Last month the all stars from two Class-A leagues clashed at the Lake Elsinore Diamond to display their talents and bring victory to their league. My wife and I left work early and drove the hour or so up I-15 to the check out the game.
We parked in a dirt lot (overflow parking for the big crowd) adjacent to the stadium, and as we made our way into the state-of-the-art facility, the home run hitting contest was just getting underway. After the obligatory stop at the gift shop to pick up a Lake Elsinore Storm cap, we stood in the concourse and watched Chin-Feng Chen, of the San Bernardino Stampede (Dodgers), knock a ball out of the park. Visalia Oaks (Athletics) first baseman Todd Mensik ended up winning the contest.
We bought hot dogs and a soda, and made our way to our seats, about five or six rows back of the third base dugout. The atmosphere was festive — more like a parade than a ballgame, with all the players from both squads getting together and talking with one another and with the fans. Lots of autographs and smiles.
During the pregame introductions, when players were announced they’d emerge from the dugout and throw a commemorative cloth baseball into the crowd. I almost caught one but some guy came over my back and snatched it out of my hands. He was a season ticket holder, and what the heck was I going to do with a cloth baseball, anyway?

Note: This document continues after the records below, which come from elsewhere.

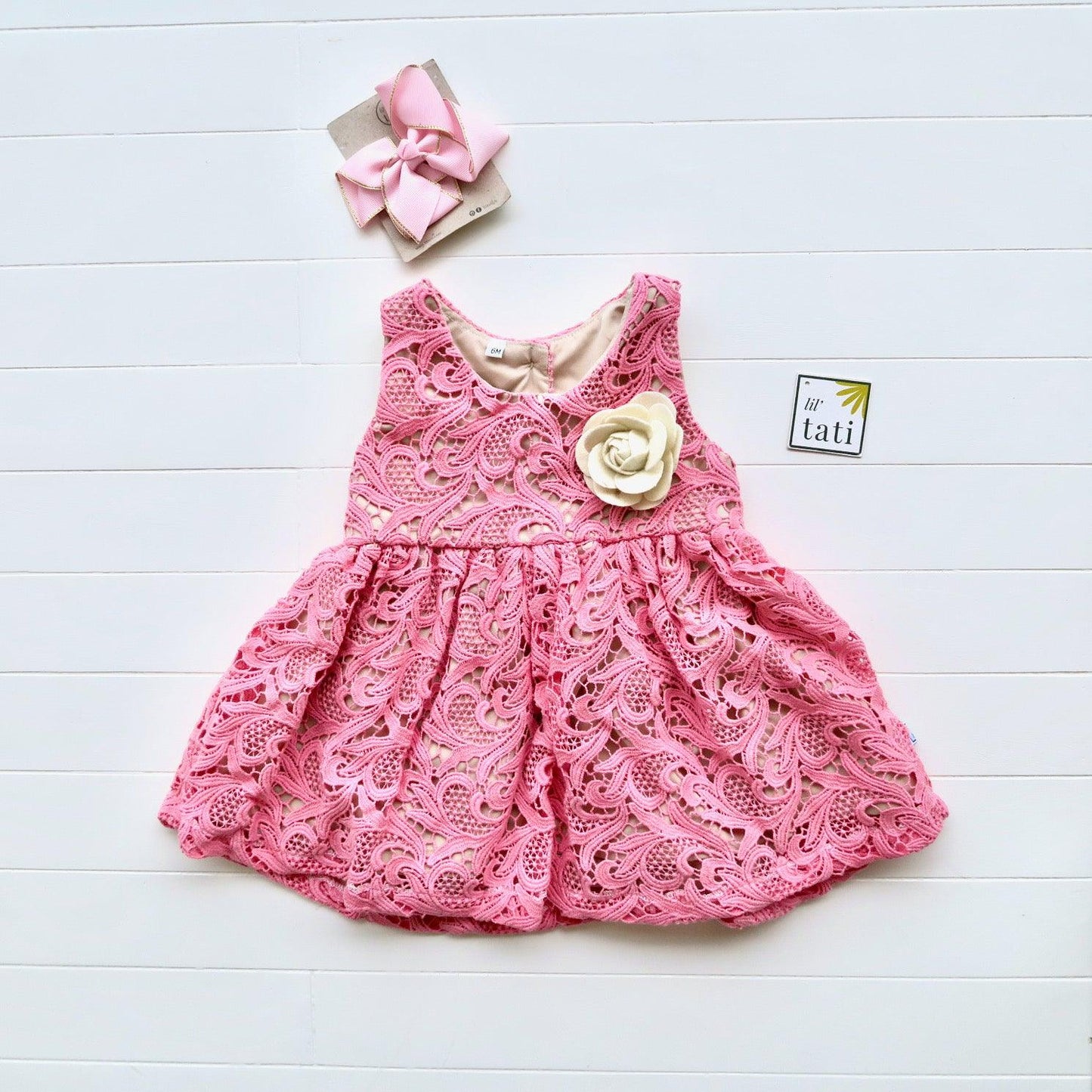 Iris Dress in Paisley Lace Pink - Lil' Tati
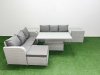 Fimous Outdoor Garden Furniture Sets 7 Seater Wicker Rattan Furniture Sofa Sets with Adjustable Lifting Dining or Coffee Table high Back Lounge Sofa Big Footstool 2 Side Table Light Grey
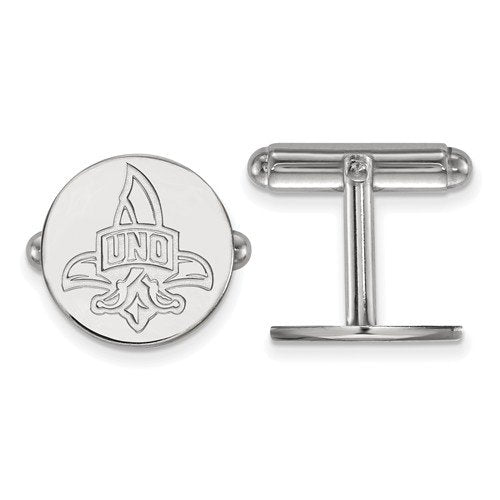 Rhodium-Plated Sterling Silver, University Of New Orleans Cuff Links, 15MM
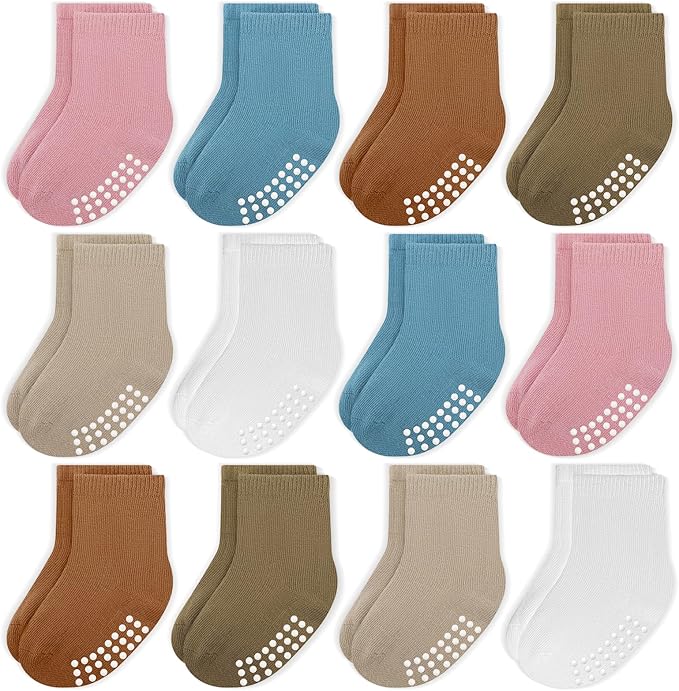 JAKIDAR 12 Pack Baby Toddler Socks Non Slip Grip Cotton Crew Socks for Boys Girls Infants Kids
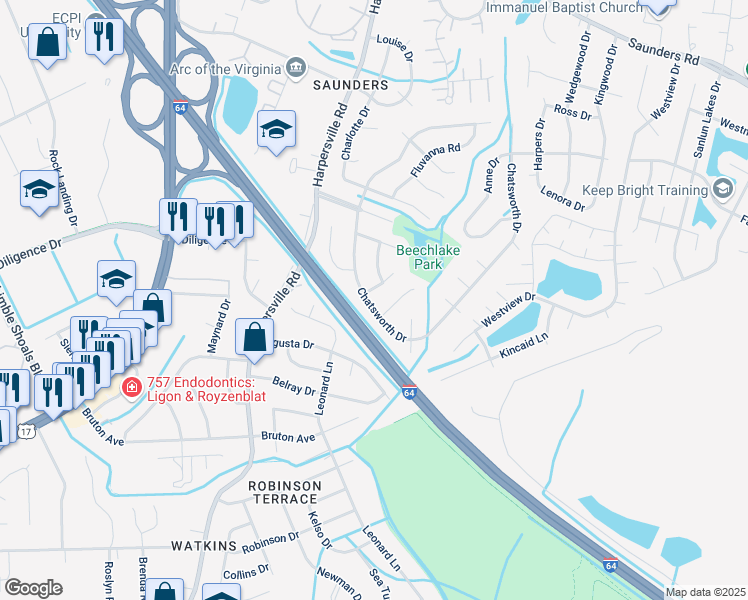 map of restaurants, bars, coffee shops, grocery stores, and more near 809 Chatsworth Drive in Newport News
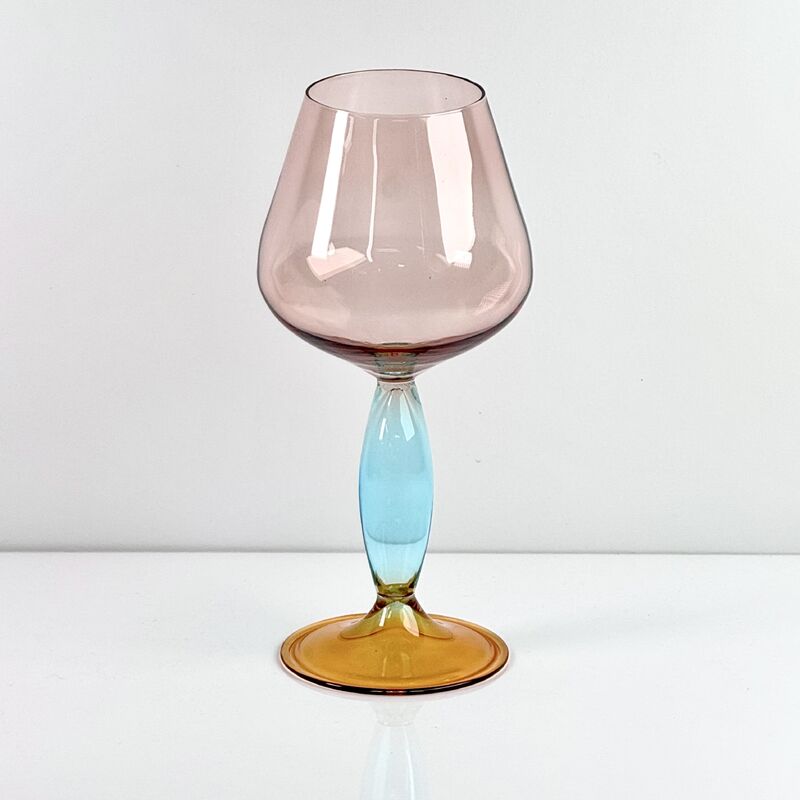 Chất lượng Hand-Blown Gradient Color Borosilicate Wine Glasses, Multi-Color Artistic Stem Goblets for Wine, Cocktail, Home Bar & Party Decor nhà máy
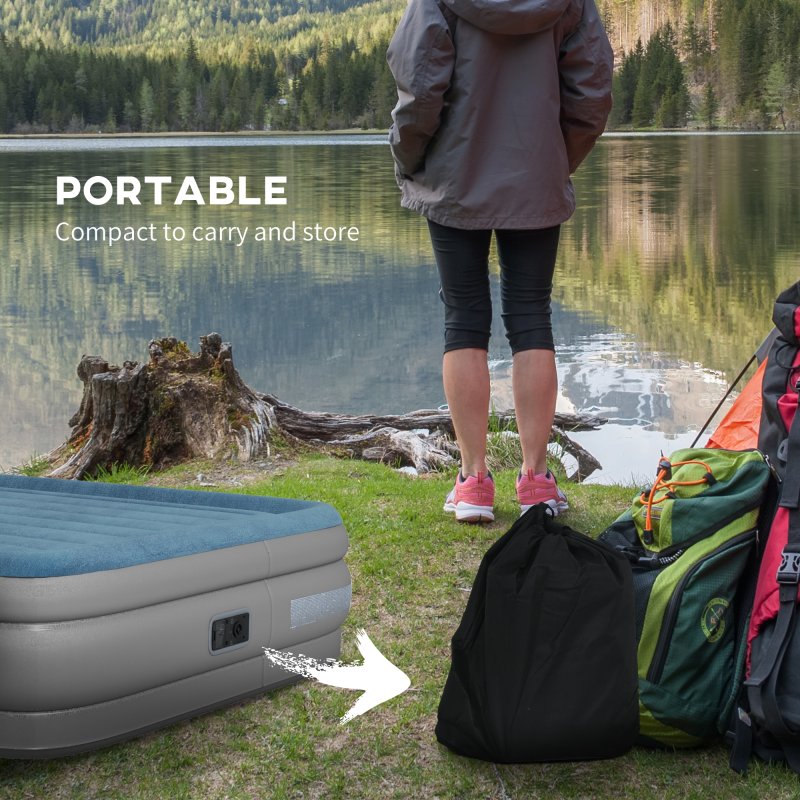 Outsunny King Size Air Bed with Built-in Pump, Inflatable Mattress with Carry Bag, Flocked Surface, Blow Up Airbed for Guest, Camping, Travel, 203 x 152 x 46cm, Blue and Grey
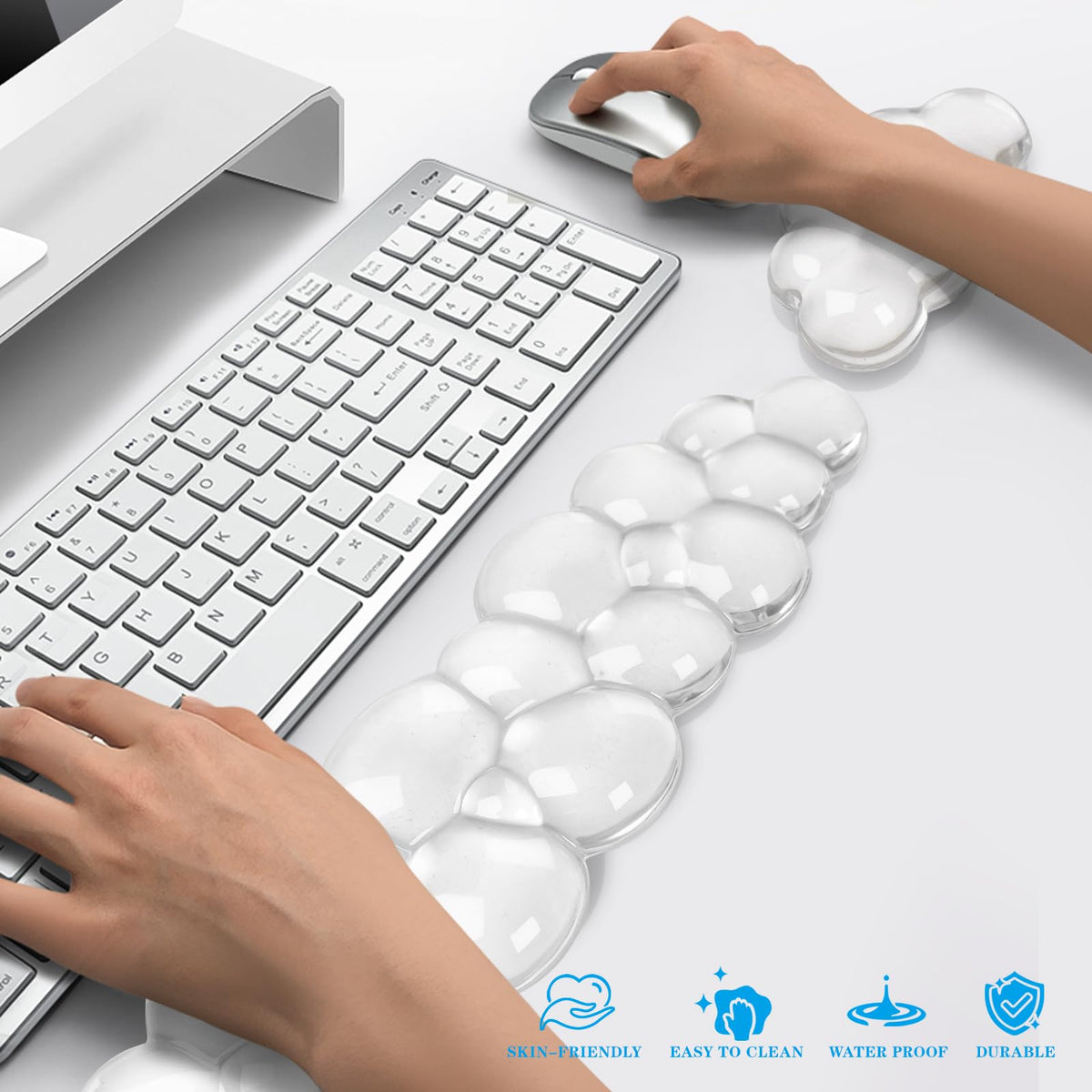 Gel Cloud Keyboard and Mouse Wrist Rest, Cute Wrist Support and Arm Support Keyboard Rest for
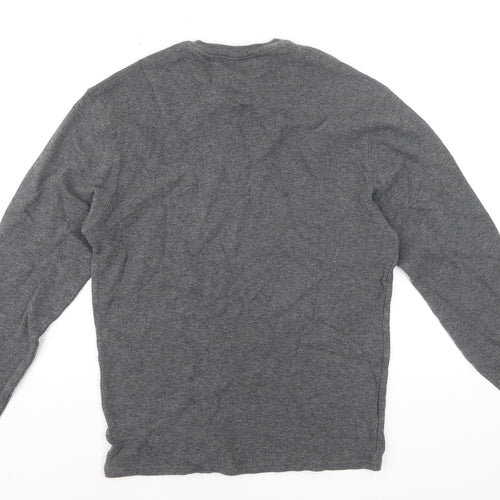 Polo Ralph Lauren Men's Grey Cotton Waffle-Knit Jumper L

After the teams were introduced, The Cowsills, a pop group from the 1960s and 70s, came out to sing the National Anthem. What was interesting about this is that Brendan Cowsill, who pitches for the Storm, joined his family at the microphone. Usually I have pretty low expectations for singers of the National Anthem — I’m happy when they doesn’t completely botch it or do that horrible diva thing — but these guys were outstanding.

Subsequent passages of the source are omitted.